# er..not your usual suburban garden visitor



## Rooster2312 (Mar 8, 2006)

Hi all,

This is the photo of the heron that was spotted last month in my parents garden after plucking our family goldfish pets from the pond. The fish have been growing happily for a good number of years and are a good size. Last year or the year before, it was discovered that a heron had been helping himself to the fish early in the morning. This caused a lot of upset as they are valued pets with names. A protective wire mesh was put in place over the pond along with our pond protector 'Cedric' a life-size plastic heron, who we thought would scare the heron off in a territorial kind of way. 

There had been no more attacks until last month when this photo was taken of the culprit right before our eyes! The day before the attack,my dad had replaced part of the old mesh covering with a new, more aesthetic framework covered with chicken wire sized aluminium covering. Since it covered most of the pond, and there had not been an attack for some time, it was felt that there was little chance of the fish being in any danger. How wrong !! The next morning there was a scattering of long grey feathers around the pond area which had been lost due to the heron's long neck prodding through the spaces in the wire mesh. It was discovered later that there had only been one lost this time but some of the others still have trauma scars on their bodies from the heron's beak. This attack not surprisingly left the poor fish psychologically traumatized for a while too. They used to be so tame that you could feed them by hand but now they prefer the darker waters hiding amongst the pond plantlife. The pond now has a double cross-layer of wire, so fingers crossed, we shall be able to keep the poor fish safe.

Here is the heron http://i53.photobucket.com/albums/g41/Rooster2312/jon015.jpg

Lindi (p.s. Cedric has now been made redundant!)


----------



## Pigeonpal2002 (Jul 27, 2002)

Hi Lindi, 

I'm sorry that the fish have become an easy target for this heron but it sounds like your parents have taken appropriate measure now to keep them safer. Their garden is GORGEOUS!...simply immaculate and just beautiful

I didn't know you had great blue herons in Scotland....I'm not up on what species reside in other countries for the most part 

Great photo of the offender, hopefully your parents precautions will deter this guy from getting more of the poor goldfish.


----------



## mr squeaks (Apr 14, 2005)

That is one beautiful and determined HERON!

I hope your fish will be protected now. How terrifying for them!

Lovely garden!

Good Luck!


----------



## Maggie-NC (Jun 22, 2005)

Lindi, hope your parents' reinforcements work now.
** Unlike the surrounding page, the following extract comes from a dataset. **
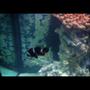 saltwater fish - premnas biaculeatus - maroon clownfish stocking in 150 gallons tank - Maroon clown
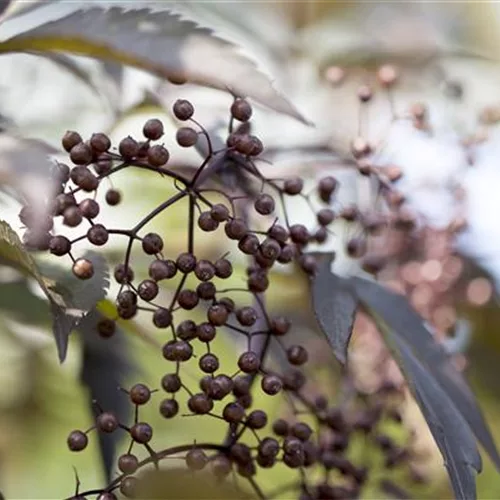 Wildgehölze im Garten – viel Potenzial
Have to say though, that is a beautiful heron. I always try to mention to anyone when there is some discussion about herons to stay a good distance from them. They can lash out, suddenly, toward you and usually go for the eyes. 

The garden is lovely.


----------



## Reti (Jul 20, 2003)

Those are some lucky fish. I thought we were the only people to love our fish and name them and burry them in the pet cemetery when they passed.
Mr. Heron is quite handsome. We have tons of white ones around here, love their babies.

Thanks for the pic.

Reti


----------



## TerriB (Nov 16, 2003)

They are magnificent birds, but you don't want them eating your pets. A friend of mine had a problem with herons going after his koi. He put a wire fence (too high for the herons to step over) around the perimeter of the pond. They are evidently reluctant to land in such a narrow space and it's worked for several years. Just a suggestion.


----------



## Skyeking (Jan 17, 2003)

I'm so sorry to hear this unwanted visitor was making a meal out of your pet fish.

He has got to be one HUNGRY bird to go to all that trouble.

It sounds like the fish are safely secured and that he knows he had better go somewhere else for breakfast.


----------



## kittypaws (Sep 18, 2005)

*Jack and Jack Junior*

My partner Colin calls herons Jack - Jack Heron - we have grey herons here and as I live near the River Thames and the London Wetlands Centre ( all within 5 minutes walking distance) we get loads of herons.

I weekly feed the ducks, geese and swans at a local nature reserve and sometimes a heron would fly over for some bread. Well I got to taking a tin of canned fish with me now and without fail I would get a heron fly over, eat the fish and fly back to its nest where you could see it feed its baby. Well yesterday, Jack Heron flew over, followed by Junior ( with his little mohican hair do) who began squawking big time for food. So it was lovely to get really close ( 5 foot away I guess) from these lovely birds and I was glad to see Junior was growing big and strong from a feast of brown bread, pilchards, sardine or mackerel. 

But yes I know you have to be careful of those beaks!!

The crows give them a hard time too!! 

Tania xx


----------



## JGregg (Jul 28, 2003)

Here's a link with pictures of Grey Herons (Ardea cinerea).

http://www.arthurgrosset.com/europebirds/grey heron.html


----------



## Pete Jasinski (Jan 2, 2005)

Have you tried one of these? http://www.gemplers.com/a/shop/product.asp?T1=G70201&UID=20060607220733109547927 
I've been reading up on them ever since I saw one in a local shopping malls lake, it seems to work as there were geese everywhere else but around that particular lake.


----------



## Pigeonpal2002 (Jul 27, 2002)

Thanks JGregg and Tania...the grey herons in the UK look nearly identical to the great blue herons we have in North America and as per JGregg's link. I told you guys I'm not up on my overseas birds and which ones reside where


----------